As we enter into the fourth calendar year of the great global hybrid working experiment that began with the pandemic in 2020, here are some of the things bouncing around my head about how we are currently and going to be working:
In-person isn’t better or worse, just different. But we need to optimise for it.
It actually now takes a much greater amount of effort to get people together, face-to-face in the physical world. Our diaries have been “optimised” around Teams or Zoom meetings, and the peripheries around things like childcare.
So if we are going to go to the effort of bringing people together, we need to put the effort into assuring the time is well spent. Don’t expect people to just carry on as they would on any other day. Build space into diaries to allow for the presumably much-missed serendipity of offices.
Many don’t work at desks. For a while, they felt equal. How are they feeling now?
During the lockdowns with everyone expelled from offices, one notable thing for organisations whose staff aren’t all tied to desks was that an acknowledgement that not everyone was in the office allowed them to feel more included than possibly ever before.
But has that sense of equity been sustained? In some cases those “not in the office” staff are now feeling even more excluded than ever as flexibility now seen by the desk staff isn’t being extended to them.
Training new staff is not a reason for everyone to be in the office. We need to change our methods of induction.
In the days before COVID new joiners obviously learned about their new employer through osmosis if all the calls for people to be in the office to be inducted are anything to go by.
The issue with this is it implies that everyone needs to be back in the office. We need to look much more cleverly at induction processes that are effective for our new patterns of working.
If you are a client service organisation, stop waiting for your clients to return to the office.
If our working practices are still geared around being in person with our clients, we need to reassess our working practices. If our business development depends on building relationships being in-person in the workplace, we need to reassess how we build relationships.
This doesn’t mean everything moves online. But we need to rethink in-person as the opportunities will be fewer and further between.
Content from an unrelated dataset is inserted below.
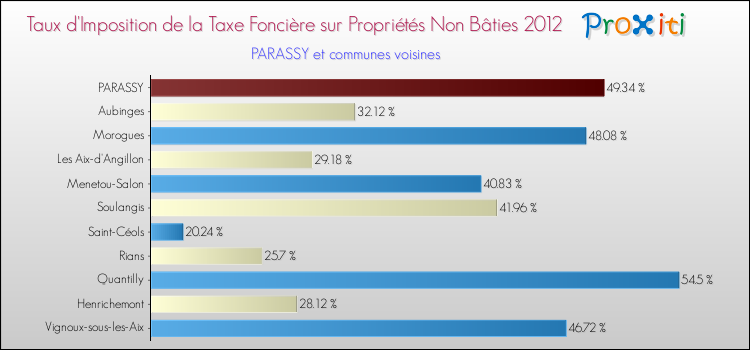 Taux d'imposition de la taxe foncière sur les immeubles et terrains non batis 2012 pour PARASSY et les communes proches Comparaison des taux d'imposition de la taxe foncière sur les immeubles et terrains non batis 2012 pour PARASSY et les communes voisines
The value of meetings wasn’t the meetings. Let’s find new ways of doing those other things.
Meetings were another osmosis tactic in the days before COVID. The liminal spaces between them were where all the interesting, valuable stuff happened. And those spaces are stripped out by Zoom and Teams.
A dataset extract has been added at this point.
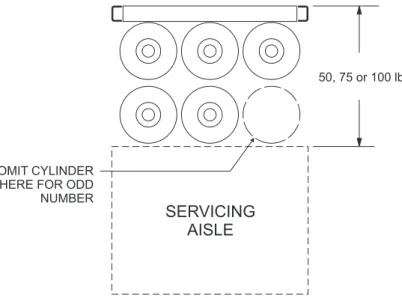 Figure 2-18.  Multiple Cylinder Mounting, Arrangement C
We need to get imaginative about how we find new liminal spaces. It’s one of the drivers behind my #100Coffees experiment in 2023.
Open-plan offices with rows of desks are no longer fit for purpose.
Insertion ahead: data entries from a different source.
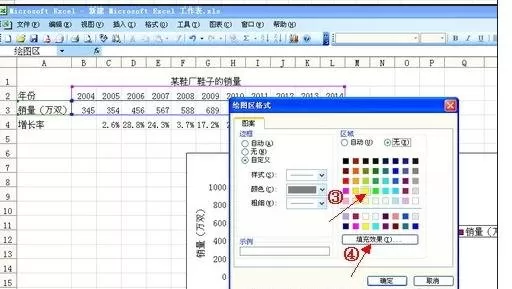 怎么在excel2003中制作图表?在excel2003中制作图表的教程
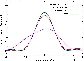 \begin{figure}
\par\includegraphics[width=7.4cm,clip]{4180fig5.ps}
\end{figure}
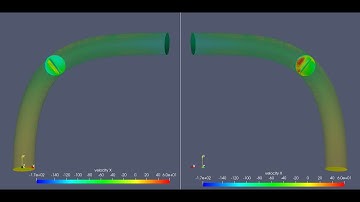 Velocity animation of Transient State Throttle body.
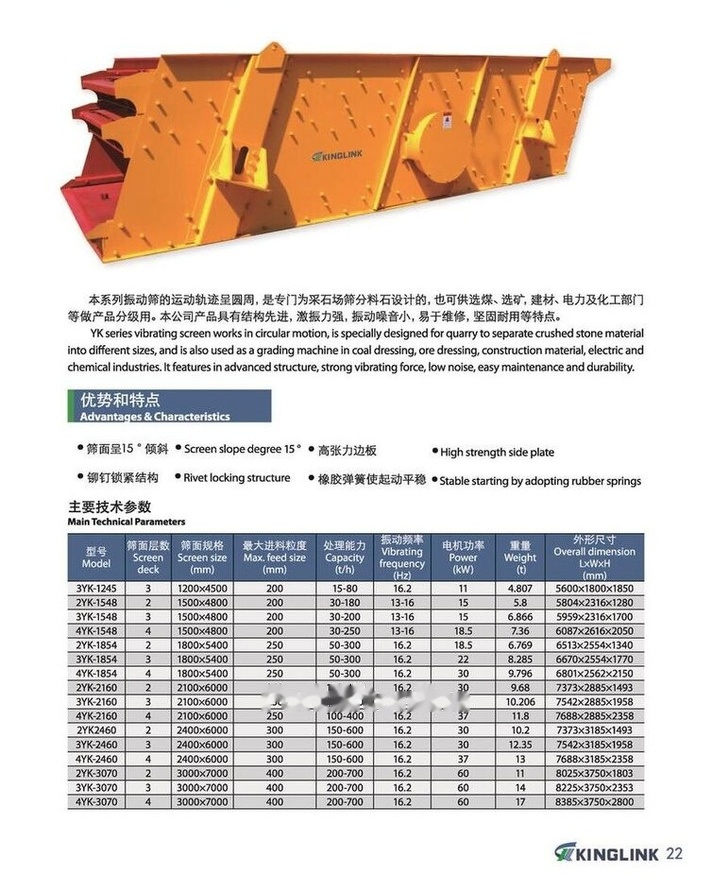 Kinglink 3YK2160 Copper Ore Vibrating Sizing Machine в лизинг Kinglink 3YK2160 Copper Ore Vibrating Sizing Machine: фото 10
Sitting next to people in different meetings is bad. Sitting next to them in the same meeting with a badly timed soundtrack through our noise-cancelling headphones is horrific. I don’t know what replaces rows of desks in open plan offices, but they are seriously unfit for purpose.
We can’t be absolute about the benefits of being in the office, so don’t be absolutist about when people should be there.
I’ve yet to see any clear calculation about why being in an office is better for organisations or their people. But just because you can’t measure something doesn’t mean it doesn’t exist.
However, in a situation where you can’t be absolute about something, using absolutist decrees to determine that people should be in the office x days each week really rankles. We need to give people trust to work out what works best through their own experiences, experiments and observations.
If an organisation doesn’t trust its employees to make sensible decisions about locations for work, hybrid working is probably highlighting its problems rather than being the problem.
Seriously, trust is everything. Any organisation or individual loudly trumpeting about how they want everyone back in the offices is massively signalling trust issues.
There are no right answers. So experiment and iterate. Organisations take time to find and embed new ways of working.
A significant shift in work takes ages. The pandemic accelerated things, but we are still in the foothills (but the bridge we came over has been burned). We need to continue to give people time and space to work things out.
It’s a bit like conferences. Rarely are conference talks as valuable as the conversations outside the conference halls around coffee and water. The same liminality and serendipity that happens around meetings.
Yep, and online conferences are a whole bunch of meh when the organisers think the presentations are the most important bit!